═══ DATA FOR THE TASK

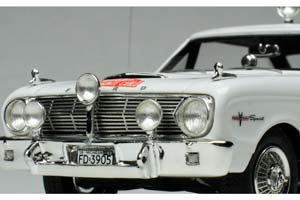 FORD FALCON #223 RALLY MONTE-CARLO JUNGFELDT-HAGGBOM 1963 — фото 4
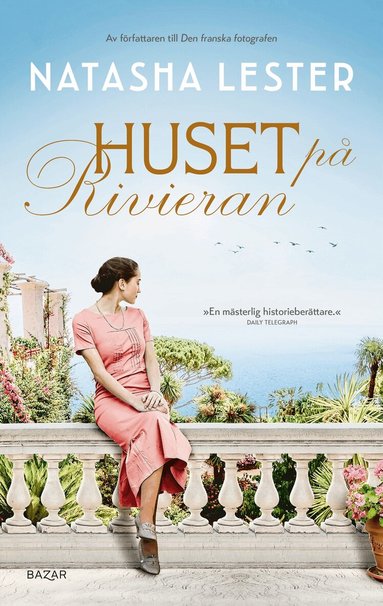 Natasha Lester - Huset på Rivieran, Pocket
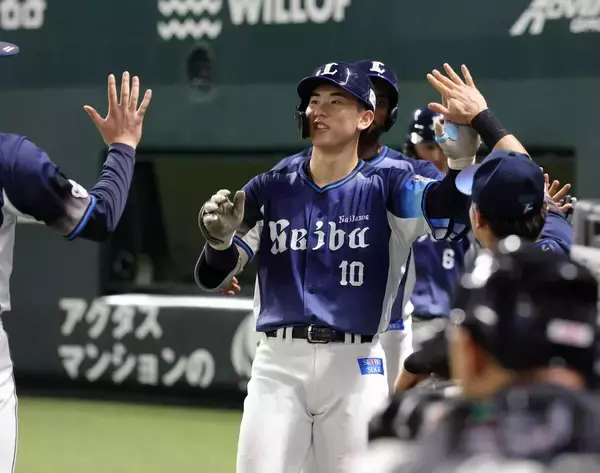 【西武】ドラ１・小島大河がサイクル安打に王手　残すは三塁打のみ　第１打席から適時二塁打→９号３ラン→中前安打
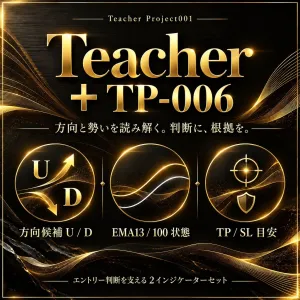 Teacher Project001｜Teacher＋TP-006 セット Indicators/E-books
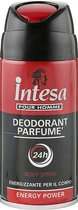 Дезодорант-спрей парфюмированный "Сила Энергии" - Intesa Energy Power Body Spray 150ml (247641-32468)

══════
═══ DATA FOR THE TASK

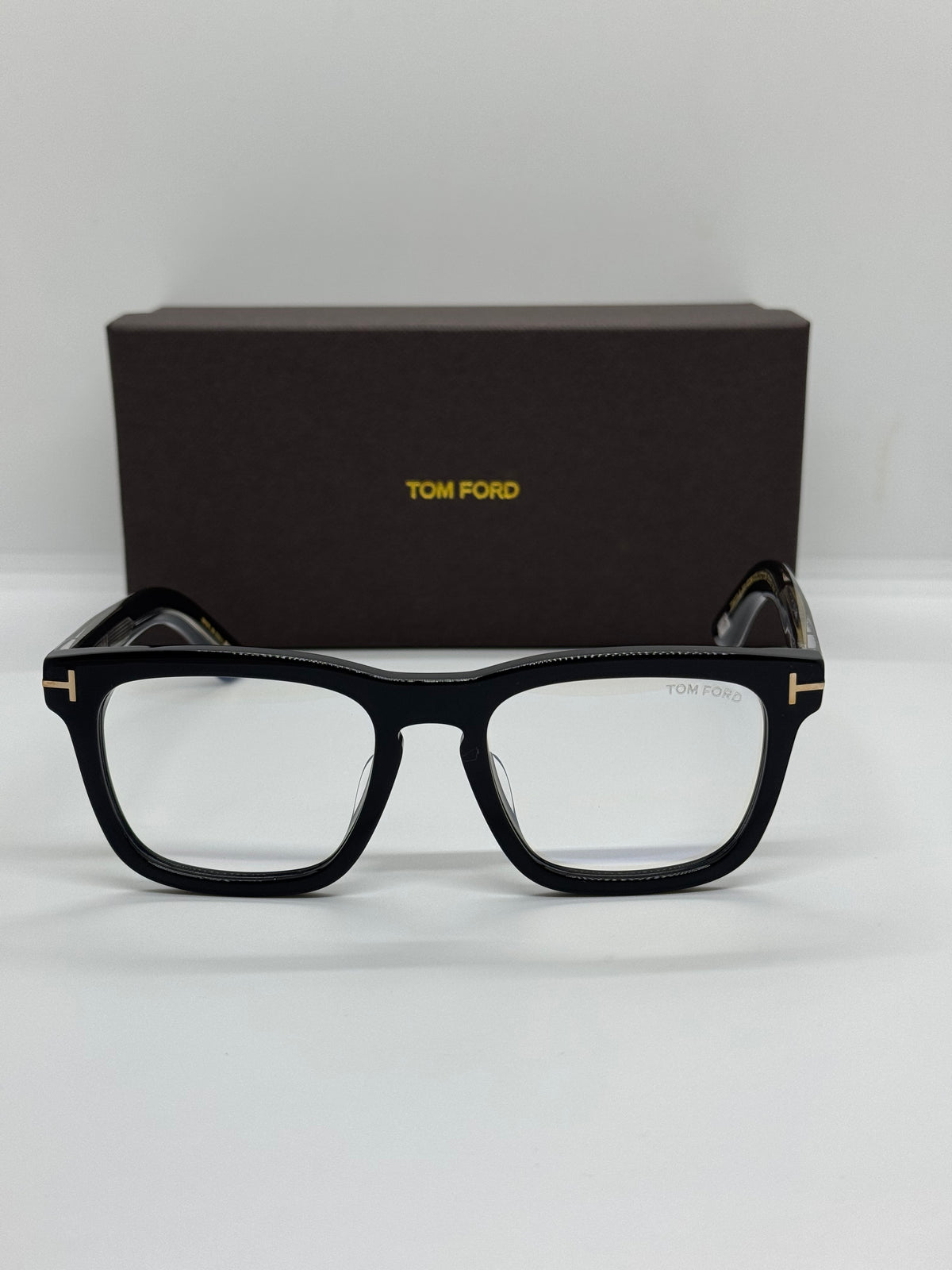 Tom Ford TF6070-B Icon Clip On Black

══════
═══ DATA FOR THE TASK

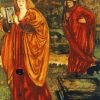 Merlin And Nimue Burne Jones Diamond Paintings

══════

◆ DESCRIPTION OF THE TASK: Look through the listing above for the line with "FORD FALCON #223" and the line with "Spray 150ml (247641-32468)". Write out exactly those lines and everything between, leaving out pictures.

◆ RESULT OF THE TASK:
 FORD FALCON #223 RALLY MONTE-CARLO JUNGFELDT-HAGGBOM 1963 — фото 4
 Natasha Lester - Huset på Rivieran, Pocket
 【西武】ドラ１・小島大河がサイクル安打に王手　残すは三塁打のみ　第１打席から適時二塁打→９号３ラン→中前安打
 Teacher Project001｜Teacher＋TP-006 セット Indicators/E-books
 Дезодорант-спрей парфюмированный "Сила Энергии" - Intesa Energy Power Body Spray 150ml (247641-32468)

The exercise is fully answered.